__Exercise prompt__:
Find the line that holds "Watercolor frame of", then repeat it and each line below it word for word through the end of the listing, leaving out pictures.

[Start of section]

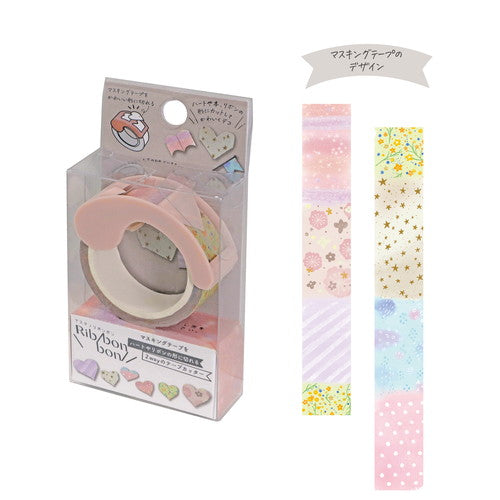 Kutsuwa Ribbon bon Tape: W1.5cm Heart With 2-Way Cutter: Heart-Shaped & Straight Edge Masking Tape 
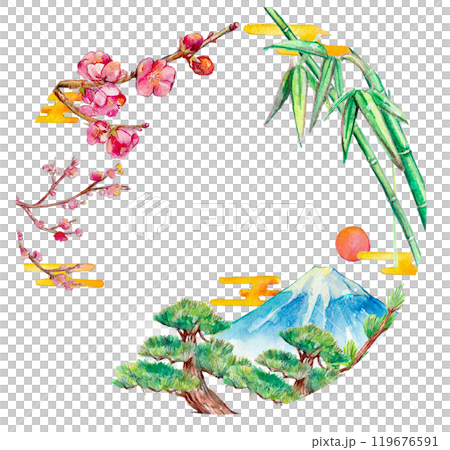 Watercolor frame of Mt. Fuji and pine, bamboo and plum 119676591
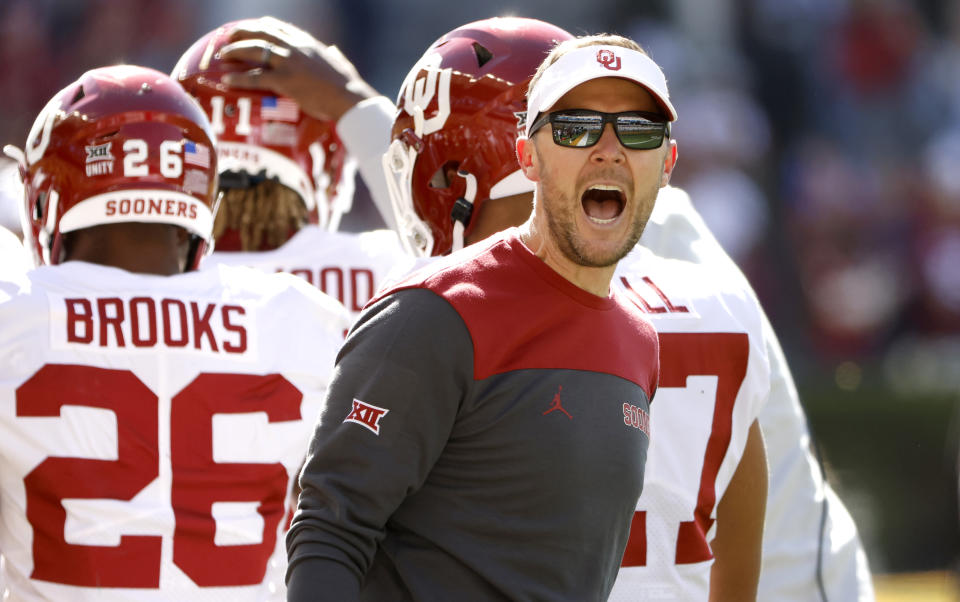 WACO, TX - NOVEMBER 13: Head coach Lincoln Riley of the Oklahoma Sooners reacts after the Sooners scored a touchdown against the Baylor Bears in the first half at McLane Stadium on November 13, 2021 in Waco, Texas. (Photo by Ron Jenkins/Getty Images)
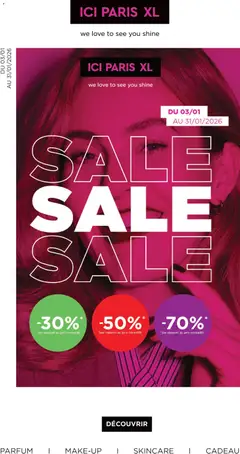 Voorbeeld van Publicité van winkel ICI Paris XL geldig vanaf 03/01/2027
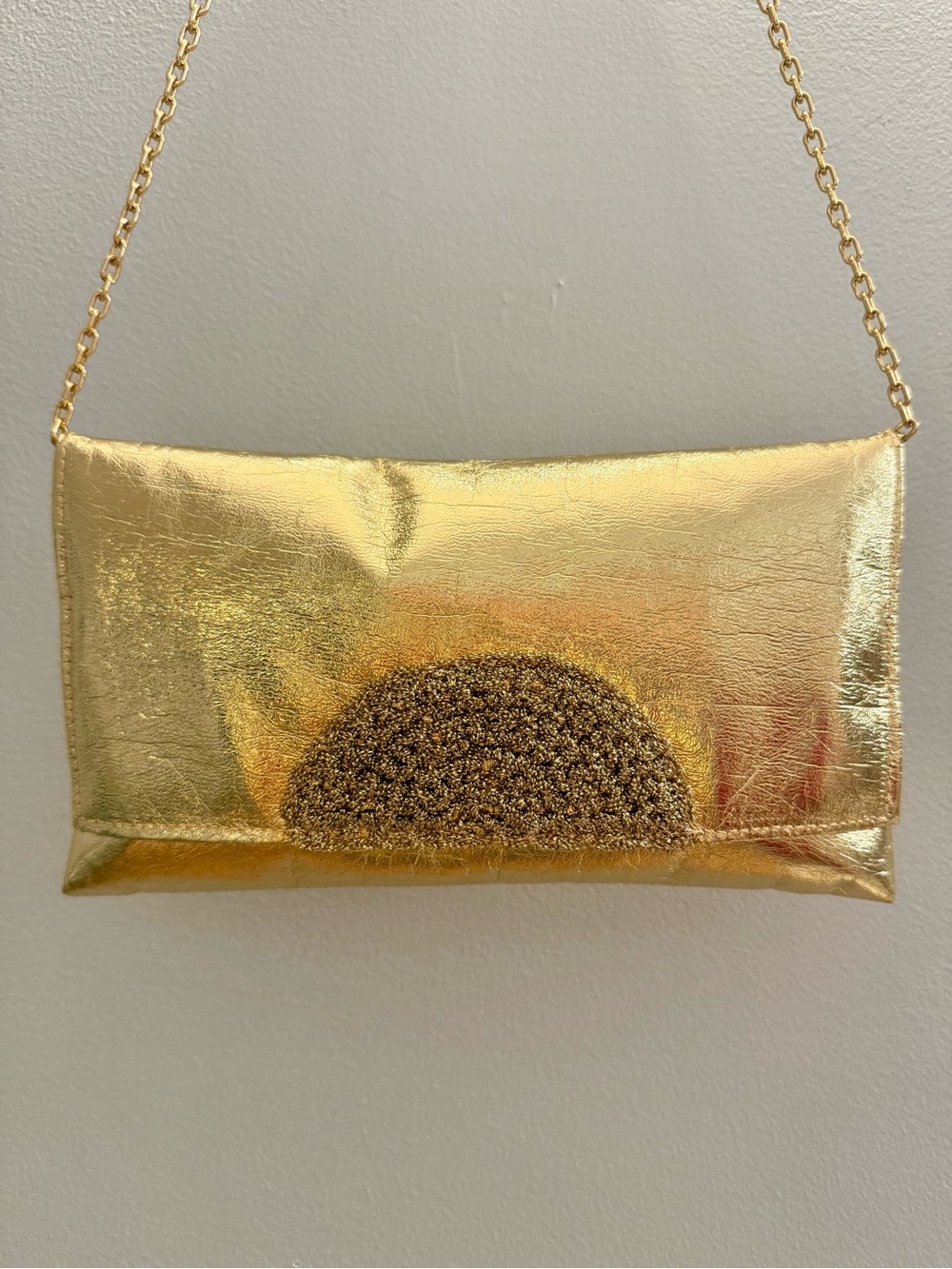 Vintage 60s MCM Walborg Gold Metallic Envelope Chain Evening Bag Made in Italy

[End of section]

__Exercise solution__:
 Watercolor frame of Mt. Fuji and pine, bamboo and plum 119676591
 WACO, TX - NOVEMBER 13: Head coach Lincoln Riley of the Oklahoma Sooners reacts after the Sooners scored a touchdown against the Baylor Bears in the first half at McLane Stadium on November 13, 2021 in Waco, Texas. (Photo by Ron Jenkins/Getty Images)
 Voorbeeld van Publicité van winkel ICI Paris XL geldig vanaf 03/01/2027
 Vintage 60s MCM Walborg Gold Metallic Envelope Chain Evening Bag Made in Italy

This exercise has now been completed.